The fault lines of neoliberalism have long been evident. The mid-1970s secondary banking crash highlighted empires built on fraud. The state dutifully bailed out banks, property and insurance companies. In 1984, Johnson Matthey Bank collapsed under the weight of fraud and the Bank of England organised a rescue. In 1995, Barings Bank collapsed due to fraud. The twentieth century’s biggest banking frauds took place at the Bank of Credit and Commerce International (BCCI). In July 1991, the Bank of England closed BCCI. Some 1.4 million depositors lost some part of their savings. In an environment of weak regulation, banks continued to pick customers’ pockets by selling useless, pensions, mortgages and saving schemes.

Neoliberalism, remained the key philosophy for governments. The 2008 banking crash showed that banks made vast amount of money from running illegal cartels, money laundering, insider trading, tax dodges, manipulation of interest rates, selling abusive products, misleading investors and consumers. Markets celebrated higher corporate profits and did not ask any questions about the quality of profits, or the social consequences of banking practices. Bank executives collected vast sums of money from performance related contracts.

Markets did not come forward to rescue banks. It was the state, which has been restructured rather than rolled-back, which bailed out banks. Under the weight of neoliberal ideologies it is now less concerned about the redistribution of income and wealth, labour rights, or the provision of decent healthcare, education, pensions and social infrastructure. It has shunned any attempt to democratise corporations or enhance their public accountability. Its major purpose is now to guarantee corporate profits and socialise losses, a kind of reverse socialism has been institutionalised.
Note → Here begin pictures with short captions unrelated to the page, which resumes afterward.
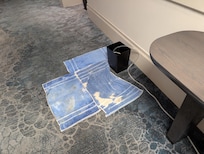 Trying to clean wet hallway carpet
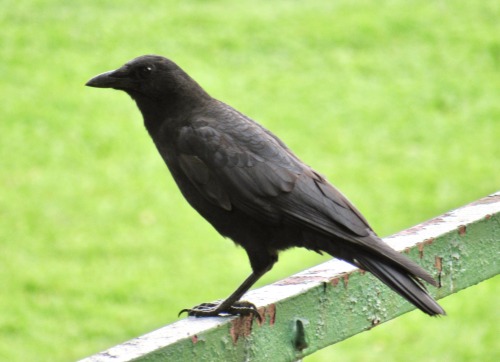 Yesterday when I visited the garden I planted at the park, I saw a guardian. This rail is just a few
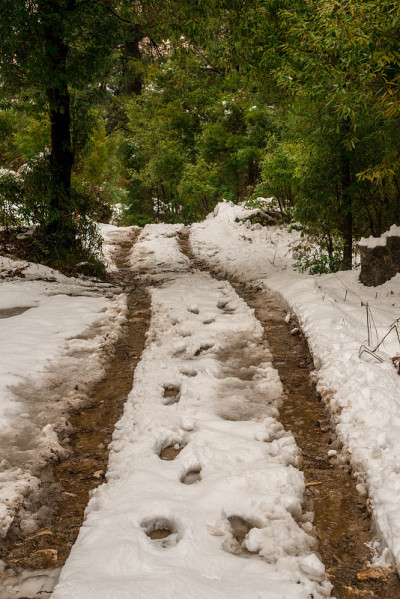 雪山覆盖的道路-雄伟的冬季景观在喜马拉雅山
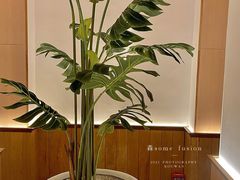 -森Some Fusion(荔湾店)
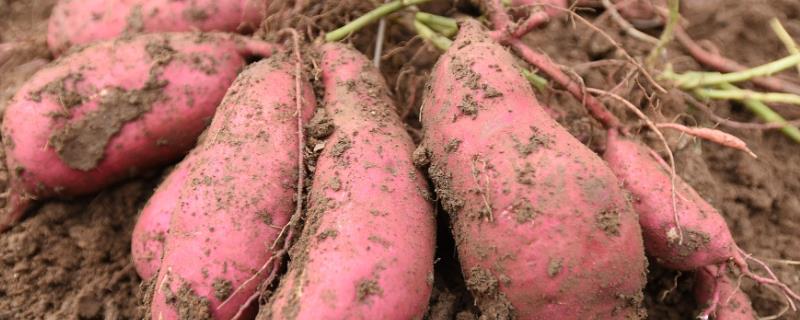甘薯优良的新品种介绍，不同品种的种植时间不同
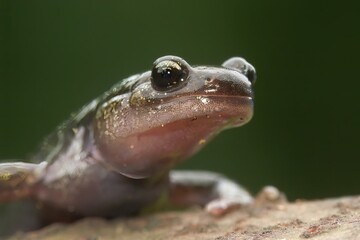 Closeup on a juvenile Japanese endemic Hokkaido salamander, Hynbobius retardatus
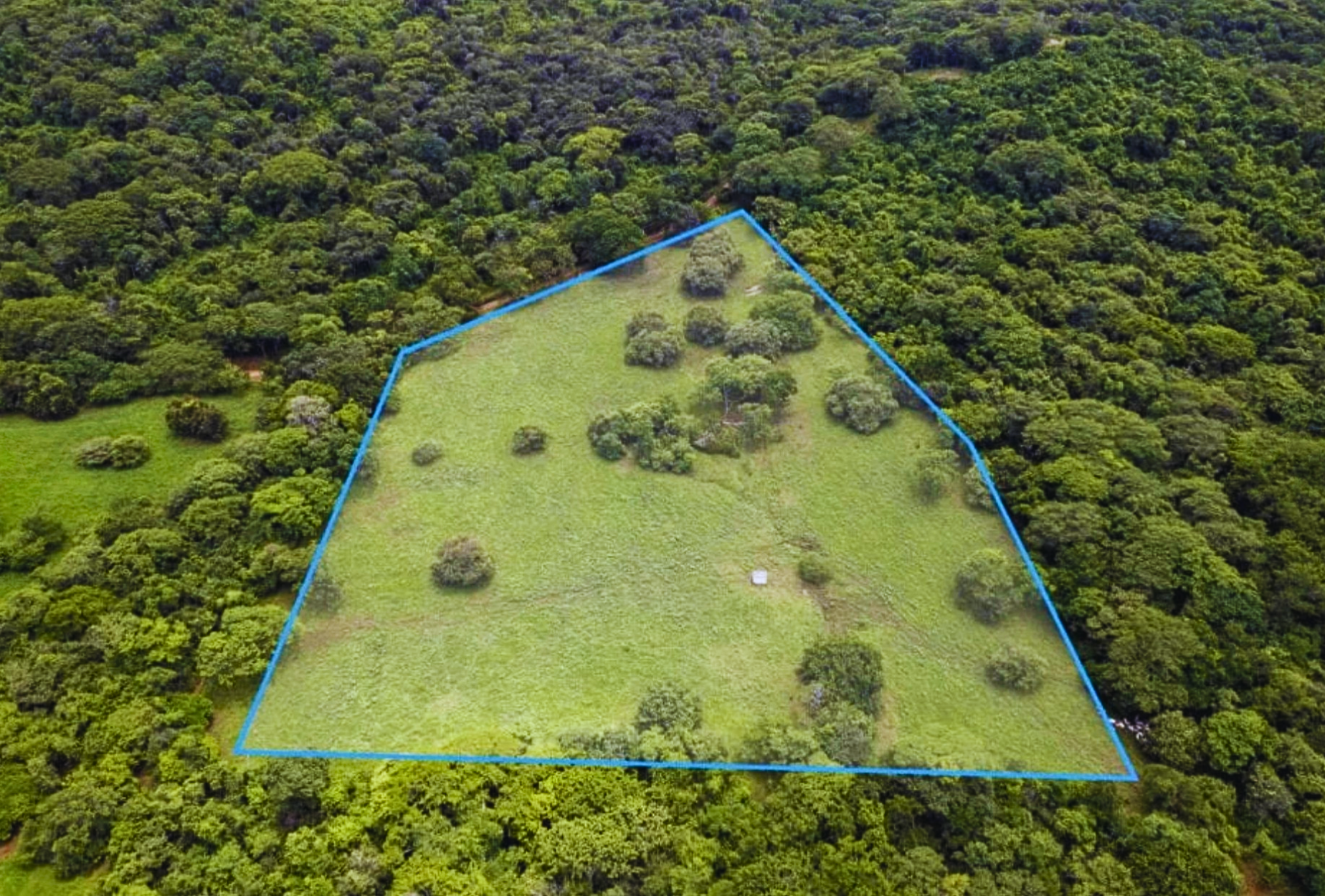 The Golden Farm | 5 Hectares of Possibility in Guanacaste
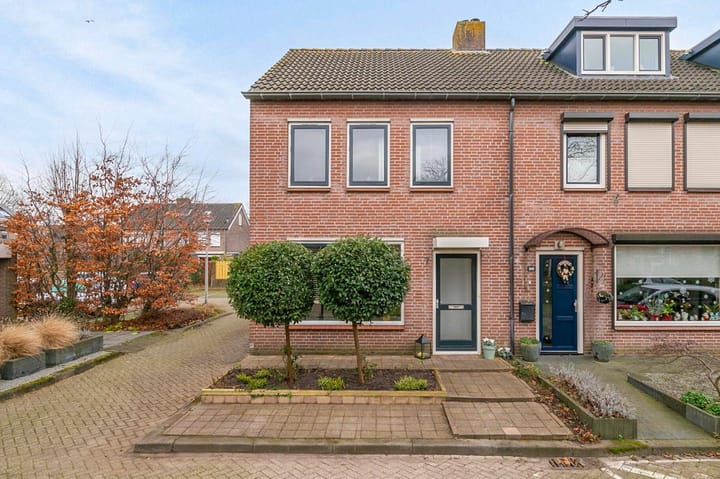 Foto 6 van Bonte Specht 7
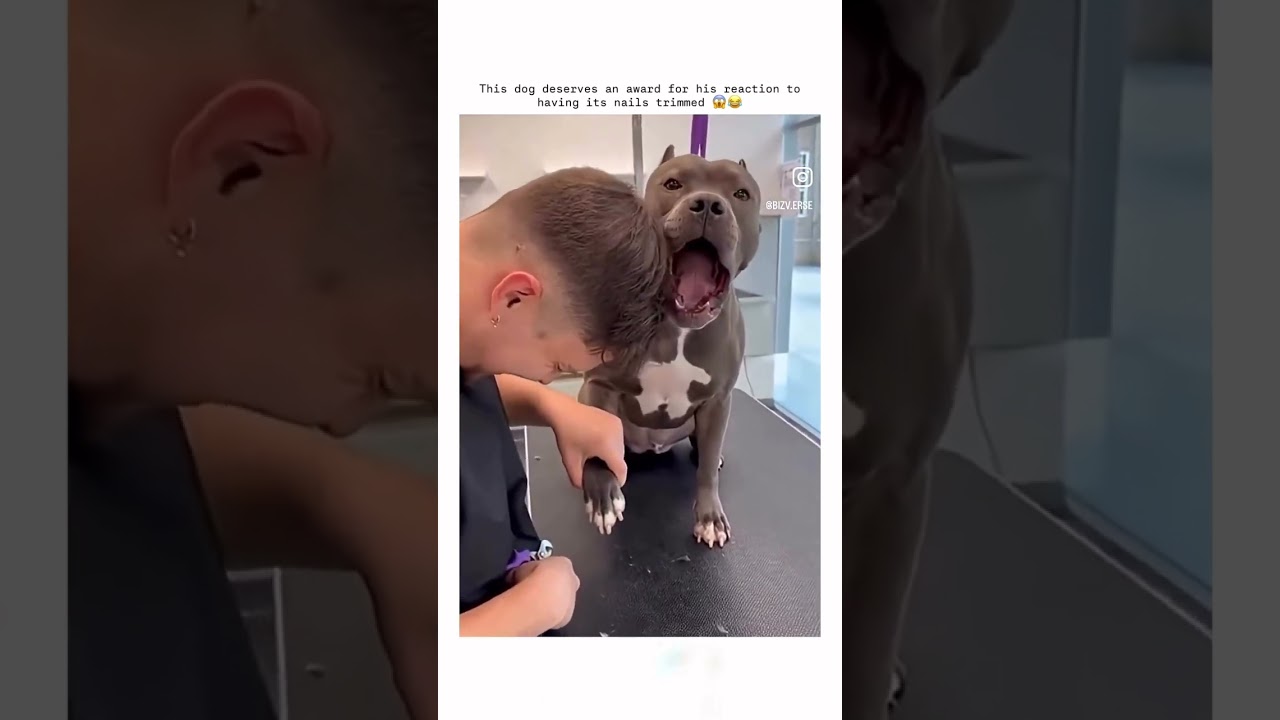 Ruff Ruff & Ouch Ouch 😡😂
The UK state has committed some £976 billion of loans and guarantees support distressed banks and also handed over another £375 billion under its quantitative easing programme. During the boom years of 2002 to 2007, the financial sector paid £203 billion in UK corporation tax, national insurance, VAT, payroll taxes, stamp duty and insurance taxes. Between 1991 and 2007, it created around 35,000 additional jobs. But it received vast stacks of money in return. Confidence in the banking sector is maintained through the provision of a taxpayer funded depositor protection scheme which safeguards savings of individuals of up to £85,000. Since March 2009, the state has maintained interest rates at 0.5%, considerably below the rate of inflation. This has robbed pensioners and savers of income and also eroded the real value of savings. The policy has enabled banks to borrow at ultra-cheap rates, lend at high rates, make profits and replenish their balance sheets. The customer base for banks has swelled as the government has persuaded pensioners and social security claimants to receive their payments through bank accounts rather than through the Post Office. The Private Finance Initiative has been a bonanza for banks and other corporations. In 2012, there were over 700 contracts with a capital value of £54.7 billion. The government is committed to repaying£301 billion over the next 25-30 years, a profit of nearly £247 billion.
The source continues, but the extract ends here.